• What you are asked to do:
All that is wanted is the lines from the first line of the listing below through the line containing "Some of the", written out exactly with pictures left out.

• Information provided:
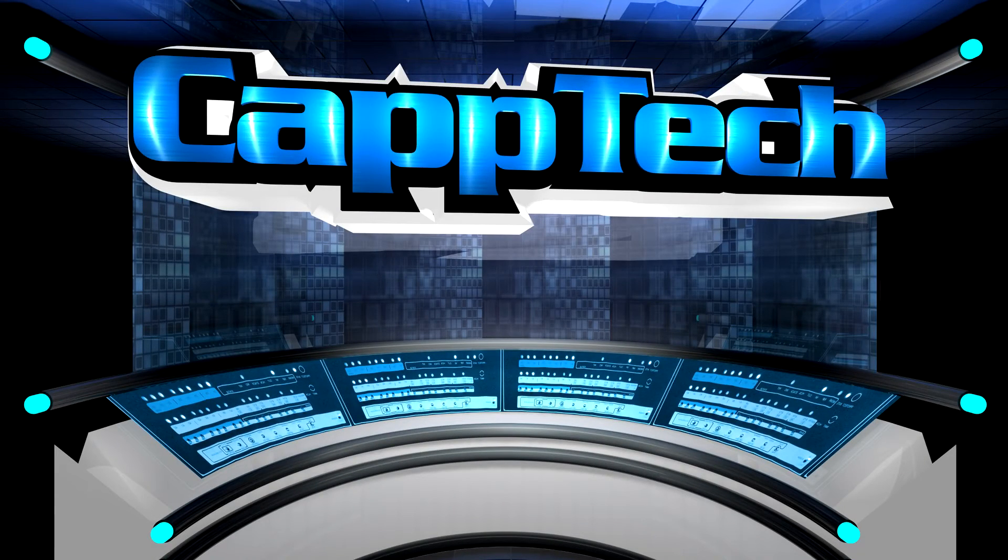Hello everybody, my name is Cap and welcome back to CapTech. Today I want to talk to you about data breaches.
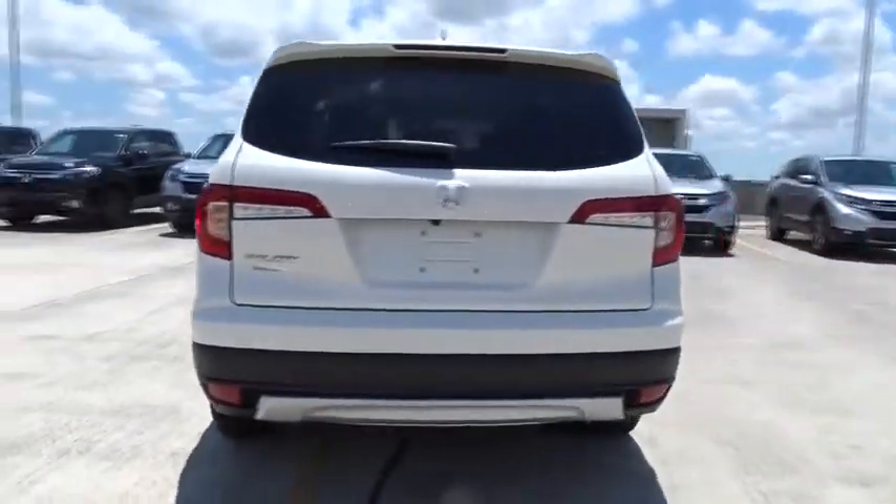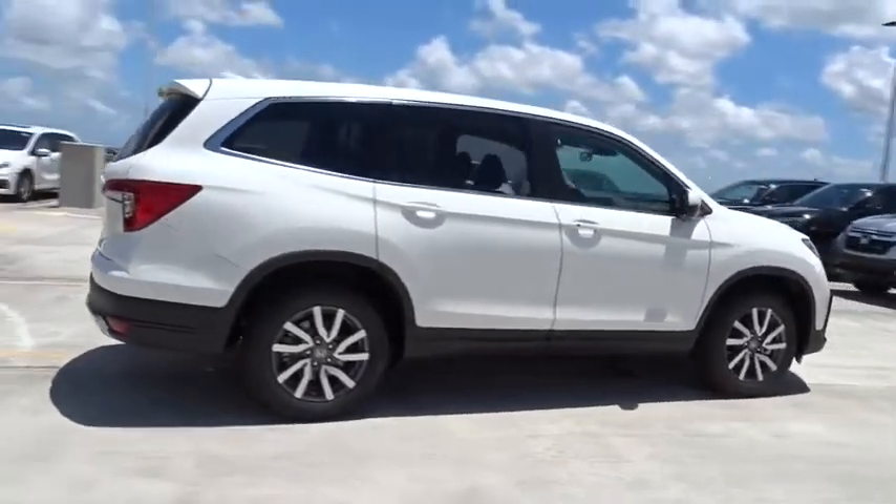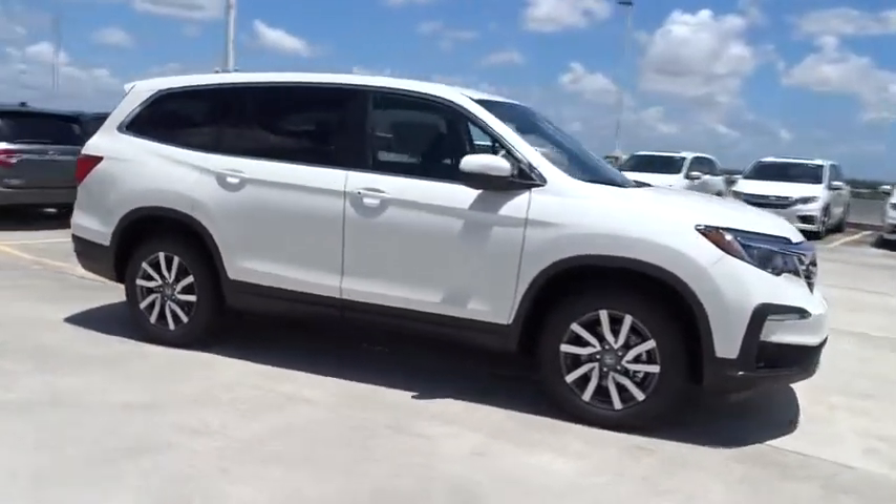Here are some of this vehicle's great options: remote engine start, traction control, stability control, Bluetooth, automatic transmission, front wheel drive.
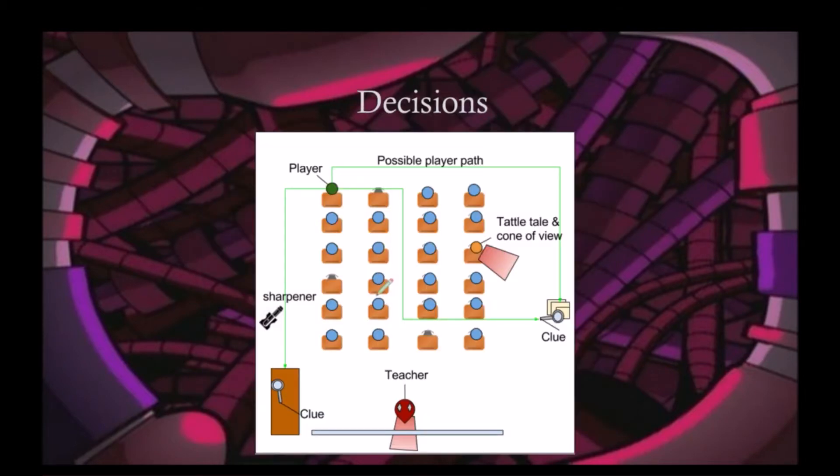Some of the decisions the player may make is how they choose to move towards each clue. As the game will allow the player to move freely about the room, the path they choose may increase or lower the difficulty of getting a clue. There will also be choices in each setup — using the right setup at the right time can make the world of difference.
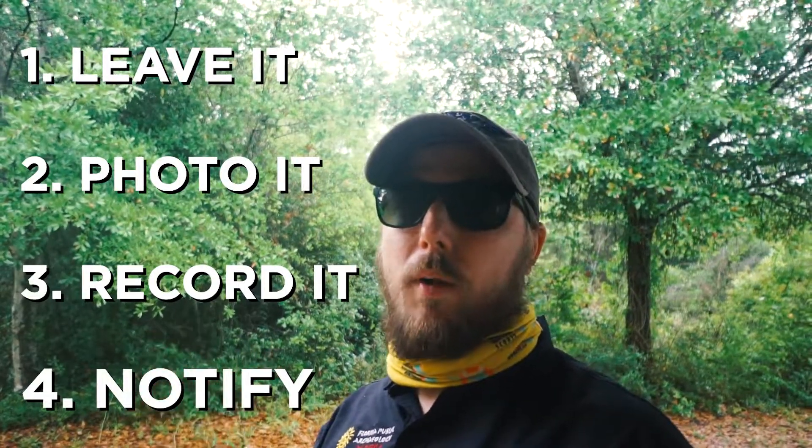Those are just some quick, easy things you can do to keep you safe from violating the law and to help protect archaeology in place. Leave it in place, take a photo, make a note of where you found it, and notify the land manager. And remember, anytime you're hiking our wonderful public lands: take only photos, leave only footprints. I'll see you next time on Hike with Mike!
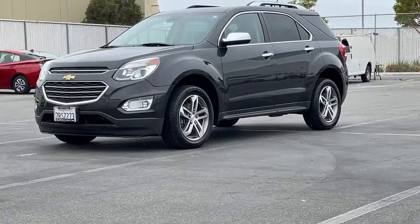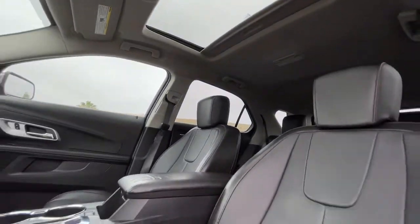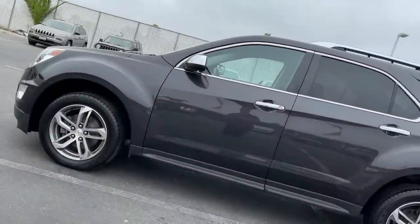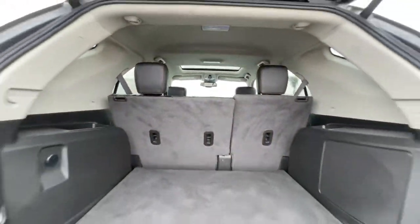Look no further than the 2016 Chevrolet Equinox. This vehicle is an outstanding buy with fewer than 70,000 miles on the odometer. Whether you're on a family road trip or doing the daily drive, the Equinox is your go-to vehicle. It's the elegant solution that blends advanced safety technology, passenger comfort, and SUV functionality.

• Task result:
Hello everybody, my name is Cap and welcome back to CapTech. Today I want to talk to you about data breaches.
Here are some of this vehicle's great options: remote engine start, traction control, stability control, Bluetooth, automatic transmission, front wheel drive.
Some of the decisions the player may make is how they choose to move towards each clue. As the game will allow the player to move freely about the room, the path they choose may increase or lower the difficulty of getting a clue. There will also be choices in each setup — using the right setup at the right time can make the world of difference.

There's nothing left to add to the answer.